◆ **Instructions for the task**: Each entry below should be printed exactly, with every image left out.

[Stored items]
————————

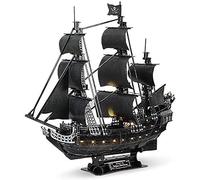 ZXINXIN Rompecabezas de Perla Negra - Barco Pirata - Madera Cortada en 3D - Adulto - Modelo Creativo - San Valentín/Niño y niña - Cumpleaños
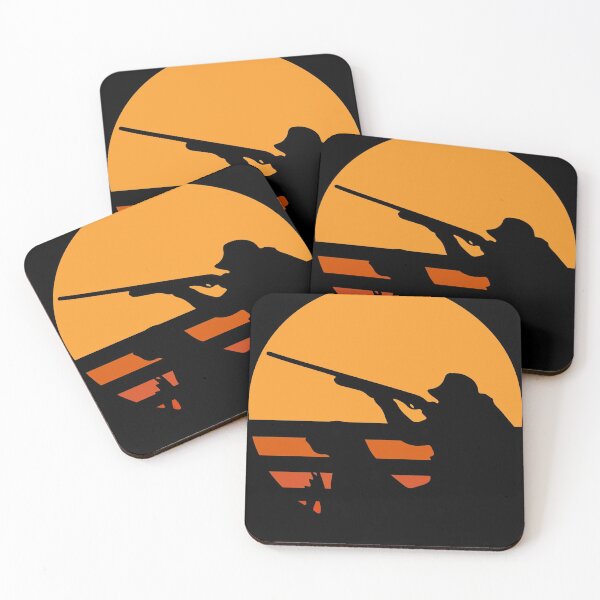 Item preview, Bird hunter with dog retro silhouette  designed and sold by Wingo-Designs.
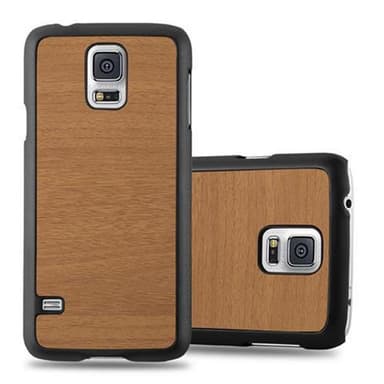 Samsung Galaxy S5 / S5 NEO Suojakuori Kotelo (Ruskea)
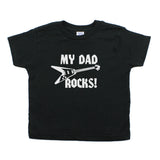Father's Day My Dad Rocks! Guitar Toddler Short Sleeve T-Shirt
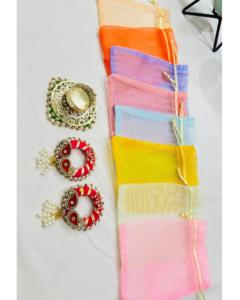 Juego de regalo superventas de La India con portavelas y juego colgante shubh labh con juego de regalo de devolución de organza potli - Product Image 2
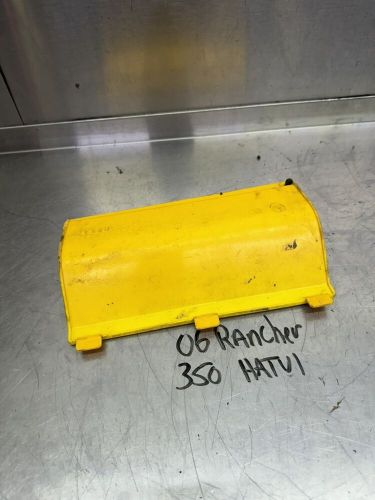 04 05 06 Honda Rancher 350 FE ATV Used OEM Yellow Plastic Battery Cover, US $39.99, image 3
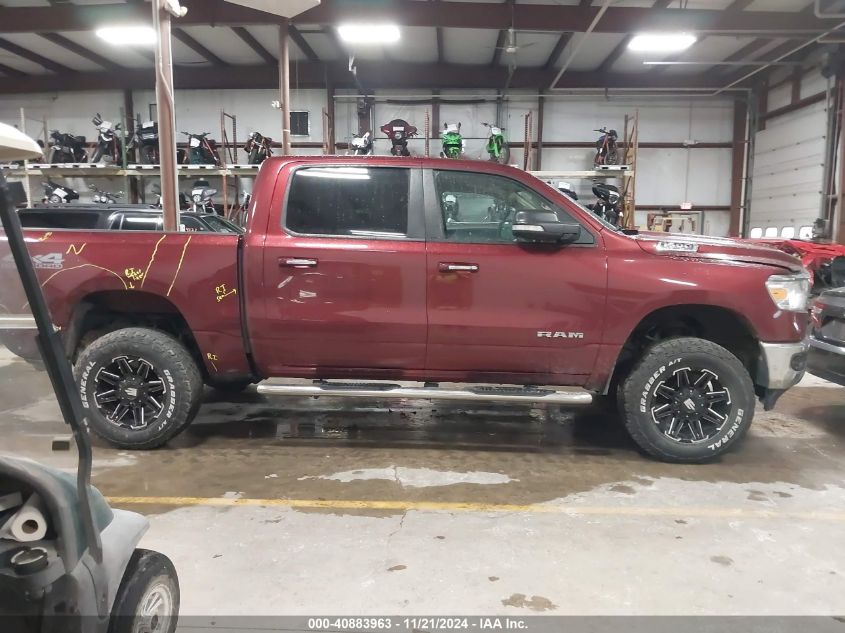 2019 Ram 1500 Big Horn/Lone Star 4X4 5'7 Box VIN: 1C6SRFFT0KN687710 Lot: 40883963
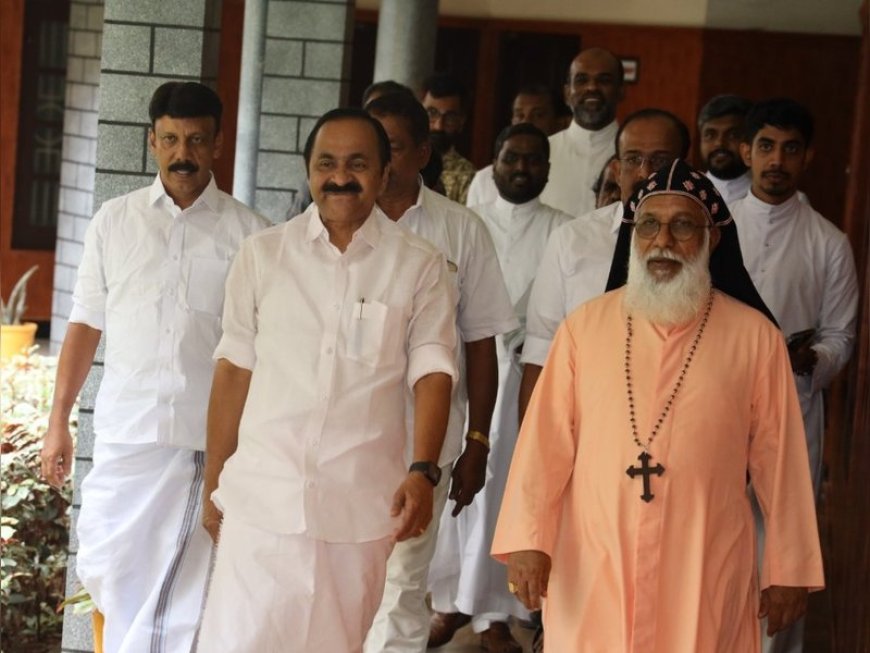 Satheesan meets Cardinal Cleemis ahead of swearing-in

————————

◆ **Response box**:
 ZXINXIN Rompecabezas de Perla Negra - Barco Pirata - Madera Cortada en 3D - Adulto - Modelo Creativo - San Valentín/Niño y niña - Cumpleaños
 Item preview, Bird hunter with dog retro silhouette  designed and sold by Wingo-Designs.
 Samsung Galaxy S5 / S5 NEO Suojakuori Kotelo (Ruskea)
Father's Day My Dad Rocks! Guitar Toddler Short Sleeve T-Shirt
 Juego de regalo superventas de La India con portavelas y juego colgante shubh labh con juego de regalo de devolución de organza potli - Product Image 2
 04 05 06 Honda Rancher 350 FE ATV Used OEM Yellow Plastic Battery Cover, US $39.99, image 3
 2019 Ram 1500 Big Horn/Lone Star 4X4 5'7 Box VIN: 1C6SRFFT0KN687710 Lot: 40883963
 Satheesan meets Cardinal Cleemis ahead of swearing-in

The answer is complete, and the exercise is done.